The Volvo brand has always been synonymous with practical, safe and sensible range of saloon and estate cars. However, in 1986 they through all of that out of the window with the 480. Compact, sporty, sleek and even with something as out there as pop-up headlights, the 480 was a radical departure from Volvo’s that had gone before, or since. It was their first front wheel drive car, had Lotus designed suspension for excellent handling and was targeted at a much younger demographic than their usual customers to deter their ‘frumpy’ and ‘old man’ image.

It may have featured radical styling for the brand but it also came with safety and technology in mind. Advanced features for the time such as daytime running lights, illuminated door locks, follow me home headlights, automatic rear wiper activation when selecting reverse gear and, despite its sleek styling, impact bumpers to comply with strict new US regulations.

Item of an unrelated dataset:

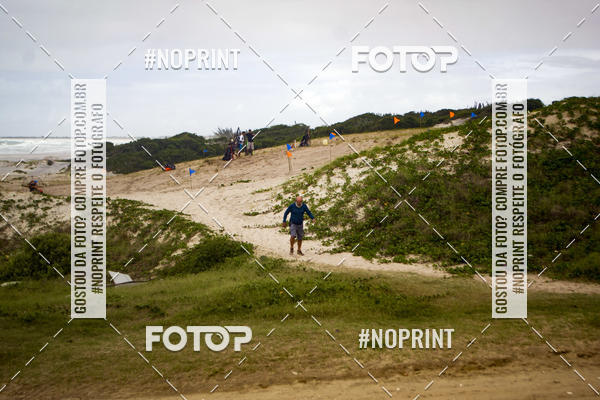 Buy your photos of the eventSelecioneo album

Over 76,000 480’s were made, yet despite their success and praise as a landmark Volvo model, there are only around 170 left on UK roads as of 2023.

Appreciating Assets?

Who would have thought that as you were being driven to school in the back of one of these cars, or possibly handed one down as your first car, that they would become appreciating classics or considered to have great investment potential. Cars that you would see on most high streets at the time and not given a second glance are now a valuable asset and one that could also be seen at a motor show or offered with a bidding frenzy at a car auction.

You might not think that some of these numbers are all that rare in the grand scheme of things, but when compared to some exotic cars from today, it is surprising to see just how rare they are. For example, you’d be more likely to spot a McLaren 720S (587 examples currently on the roads), a Ferrari F8 Tributo (289 examples), or F8 Spider (293 examples), or even a Lamborghini Aventador SVJ (62 examples) driving past you than some of the cars mentioned above. The rarity of some models and the originality of the example may even see their value rise to above some of the supercars of today, sounds optimistic but already this year have we seen a world record price of near £600,000 paid for a Ford Sierra and £163,000 paid for a 1990’s Ford Escort.